### What is expected
Output range, inclusive: from the line containing "score_9_up, score_8_up, score_7_up, BREAK" to the line containing "GWAABD Jumpsuits for". Restate those lines from the data below word for word and only those.

-- Data section follows --

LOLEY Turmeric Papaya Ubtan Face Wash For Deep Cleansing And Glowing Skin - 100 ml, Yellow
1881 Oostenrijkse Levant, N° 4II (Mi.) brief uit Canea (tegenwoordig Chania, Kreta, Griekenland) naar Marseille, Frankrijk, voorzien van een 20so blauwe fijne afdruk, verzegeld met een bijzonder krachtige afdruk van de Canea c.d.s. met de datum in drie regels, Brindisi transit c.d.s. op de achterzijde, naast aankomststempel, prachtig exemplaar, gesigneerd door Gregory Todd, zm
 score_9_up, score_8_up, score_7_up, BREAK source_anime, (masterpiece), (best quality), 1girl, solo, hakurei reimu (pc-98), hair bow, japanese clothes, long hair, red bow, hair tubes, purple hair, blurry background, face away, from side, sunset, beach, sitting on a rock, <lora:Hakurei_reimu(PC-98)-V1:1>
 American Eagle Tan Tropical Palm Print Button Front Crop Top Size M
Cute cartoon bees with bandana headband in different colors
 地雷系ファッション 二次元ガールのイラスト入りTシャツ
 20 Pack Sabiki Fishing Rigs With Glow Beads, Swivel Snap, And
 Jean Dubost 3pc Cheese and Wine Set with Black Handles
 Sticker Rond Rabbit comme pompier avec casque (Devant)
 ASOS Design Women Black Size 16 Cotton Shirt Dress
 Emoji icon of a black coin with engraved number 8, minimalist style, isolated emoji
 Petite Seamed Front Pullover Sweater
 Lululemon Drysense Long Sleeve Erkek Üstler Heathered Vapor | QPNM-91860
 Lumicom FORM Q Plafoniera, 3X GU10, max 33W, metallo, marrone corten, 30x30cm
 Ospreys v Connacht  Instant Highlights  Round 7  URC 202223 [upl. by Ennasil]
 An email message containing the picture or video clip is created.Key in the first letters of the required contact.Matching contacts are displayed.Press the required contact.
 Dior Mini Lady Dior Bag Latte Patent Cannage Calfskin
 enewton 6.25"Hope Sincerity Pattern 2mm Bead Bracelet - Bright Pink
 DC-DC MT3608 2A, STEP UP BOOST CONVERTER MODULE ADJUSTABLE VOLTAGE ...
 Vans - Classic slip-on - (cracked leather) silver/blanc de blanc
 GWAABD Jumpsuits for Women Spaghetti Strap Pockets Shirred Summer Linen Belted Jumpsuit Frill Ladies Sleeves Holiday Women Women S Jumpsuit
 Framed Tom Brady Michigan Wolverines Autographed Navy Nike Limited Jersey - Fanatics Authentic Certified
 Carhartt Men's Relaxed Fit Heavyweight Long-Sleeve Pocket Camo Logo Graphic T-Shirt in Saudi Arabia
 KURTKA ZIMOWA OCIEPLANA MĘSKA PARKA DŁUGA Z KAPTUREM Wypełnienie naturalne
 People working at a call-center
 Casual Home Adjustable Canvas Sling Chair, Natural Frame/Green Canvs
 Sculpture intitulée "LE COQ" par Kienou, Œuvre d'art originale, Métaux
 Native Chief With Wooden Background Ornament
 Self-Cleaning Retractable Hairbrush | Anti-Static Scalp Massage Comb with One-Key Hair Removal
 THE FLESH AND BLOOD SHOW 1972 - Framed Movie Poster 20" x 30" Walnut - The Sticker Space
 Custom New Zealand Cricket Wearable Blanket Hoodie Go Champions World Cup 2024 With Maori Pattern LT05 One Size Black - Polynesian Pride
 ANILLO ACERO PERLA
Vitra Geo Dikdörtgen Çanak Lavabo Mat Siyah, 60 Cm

-- Data section concluded --

### Your solution
 score_9_up, score_8_up, score_7_up, BREAK source_anime, (masterpiece), (best quality), 1girl, solo, hakurei reimu (pc-98), hair bow, japanese clothes, long hair, red bow, hair tubes, purple hair, blurry background, face away, from side, sunset, beach, sitting on a rock, <lora:Hakurei_reimu(PC-98)-V1:1>
 American Eagle Tan Tropical Palm Print Button Front Crop Top Size M
Cute cartoon bees with bandana headband in different colors
 地雷系ファッション 二次元ガールのイラスト入りTシャツ
 20 Pack Sabiki Fishing Rigs With Glow Beads, Swivel Snap, And
 Jean Dubost 3pc Cheese and Wine Set with Black Handles
 Sticker Rond Rabbit comme pompier avec casque (Devant)
 ASOS Design Women Black Size 16 Cotton Shirt Dress
 Emoji icon of a black coin with engraved number 8, minimalist style, isolated emoji
 Petite Seamed Front Pullover Sweater
 Lululemon Drysense Long Sleeve Erkek Üstler Heathered Vapor | QPNM-91860
 Lumicom FORM Q Plafoniera, 3X GU10, max 33W, metallo, marrone corten, 30x30cm
 Ospreys v Connacht  Instant Highlights  Round 7  URC 202223 [upl. by Ennasil]
 An email message containing the picture or video clip is created.Key in the first letters of the required contact.Matching contacts are displayed.Press the required contact.
 Dior Mini Lady Dior Bag Latte Patent Cannage Calfskin
 enewton 6.25"Hope Sincerity Pattern 2mm Bead Bracelet - Bright Pink
 DC-DC MT3608 2A, STEP UP BOOST CONVERTER MODULE ADJUSTABLE VOLTAGE ...
 Vans - Classic slip-on - (cracked leather) silver/blanc de blanc
 GWAABD Jumpsuits for Women Spaghetti Strap Pockets Shirred Summer Linen Belted Jumpsuit Frill Ladies Sleeves Holiday Women Women S Jumpsuit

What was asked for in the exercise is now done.